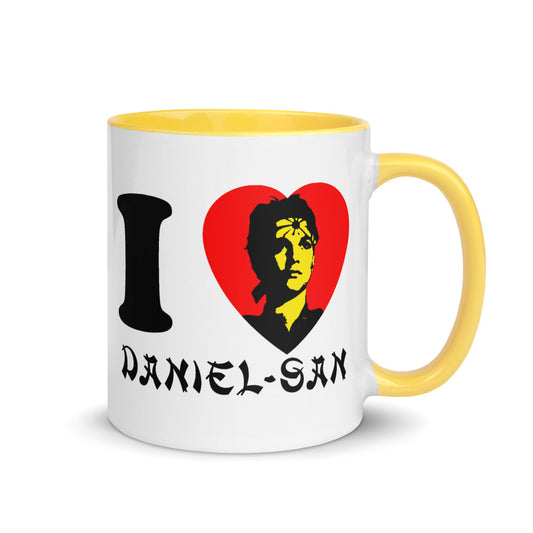 Karate Kid: Legends I Heart Daniel-San Two-Tone Mug 11 oz-6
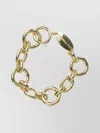 Federica Tosi Chunky Chain Link Bracelet Named Charlotte In Gold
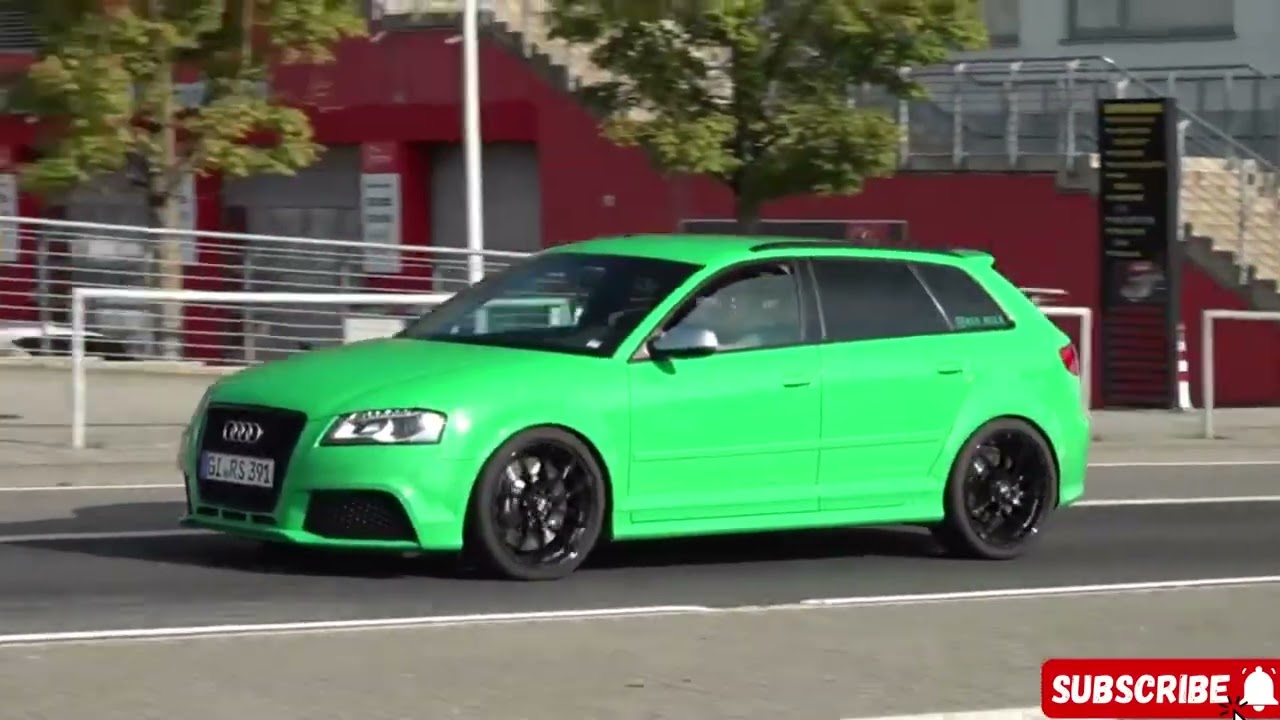 Cars Leaving Nürburgring Tankstelle! RS6 C8, R8 V10, 812 GTS, M5 F90, Widebody E92 M3, 992 GT3 RS 10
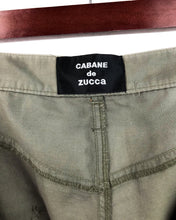 Load image into Gallery viewer, ZUCCA Asymmetrical Fly Pants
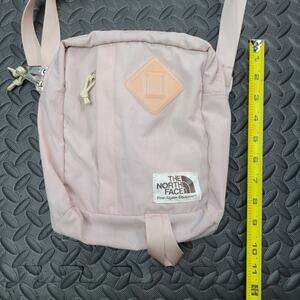 The North Face Bozer Crossbody Bag Small Pink Utility Shoulder Pouch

· · · · ·

- WHAT THE EXERCISE ASKS: Could you output the listing word for word, omitting every picture?

- WRITTEN RESPONSE:
 Karate Kid: Legends I Heart Daniel-San Two-Tone Mug 11 oz-6
 Federica Tosi Chunky Chain Link Bracelet Named Charlotte In Gold
 Cars Leaving Nürburgring Tankstelle! RS6 C8, R8 V10, 812 GTS, M5 F90, Widebody E92 M3, 992 GT3 RS 10
 Load image into Gallery viewer, ZUCCA Asymmetrical Fly Pants
 The North Face Bozer Crossbody Bag Small Pink Utility Shoulder Pouch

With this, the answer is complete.